The UK SABR Consortium QA group conducted a postal dosimetry audit of SABR lung plans at 21 UK centres. The purpose of this was to verify the accuracy of calculated dose distributions, improve confidence of centres in the early stages of implementing lung SABR and to establish a benchmark QA method. Here the results of the GafChromic film relative dosimetry arm of the audit are given.

Materials and Methods:

Individual centres were asked to plan a treatment to a pre-defined PTV in the CIRS Thorax phantom, using their clinical method and prescription dose. EBT3 GafChromic film was used to measure an axial plane of dose. Pins in the phantom facilitated alignment of the film and calculated dose planes. Gantry linac and Cyberknife centres were audited, using a variety of TPS with pencil beam, AAA, CCC, Acuros and Monte Carlo algorithms. Scanned films were compared to dose distributions calculated by the individual centres, using single red-channel dosimetry and a purpose-built Matlab application. Centres were also asked to irradiate additional calibration films to provide output-normalised optical density to dose calibration. Measured and calculated isodoses corresponding to 120, 100, 70 and 50% of prescription dose were compared (figure 1), and conformity and maximum distance to agreement were measured. For the areas bound by the 100, 50 and 30% calculated isodoses, local gamma analysis, mean gamma and gamma pass rate (at 3%, 2mm) and a mean dose comparison was performed. The latter was compared to the alanine dosimetry results.

Results:

The dosimetry of the calibration films was reproducible to ±0.9% (1.S.D), for doses ranging from 4.3 to 26.9 Gy. The audit relative dosimetry results are reported in table 1. Mean dose differences within the 100% calculated isodose line agreed well with alanine dosimetry; -0.1 ± 2.0 % (1.S.D). Gamma pass rates (%) and mean gamma results varied with some outlying measurements, mostly caused by small dose deviations within the PTV or at low doses. Isodose line agreement (figure 1) was generally much closer at the 70 and 100% dose levels, indicated by the lower S.D. (table 1, column 5).
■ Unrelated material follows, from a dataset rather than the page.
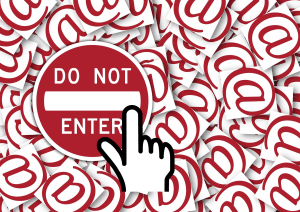 internet ban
The exception was the centre using a pencil beam algorithm, where the measured prescription dose covered a significantly smaller area than that calculated, consistent with the algorithm’s known limitations calculating dose in low density lung surrounding tumour.

Conclusions:

Of the 21 UK centres audited, 74% of measurements were within ±3% agreement compared to calculated doses. Where appropriate, outlying centres have been offered support from the QA Group to bring their results into line. The EBT3 GafChromic film was found to be highly suited to a postal audit, reliably giving detailed information about the geometric and dosimetric accuracy of treatment.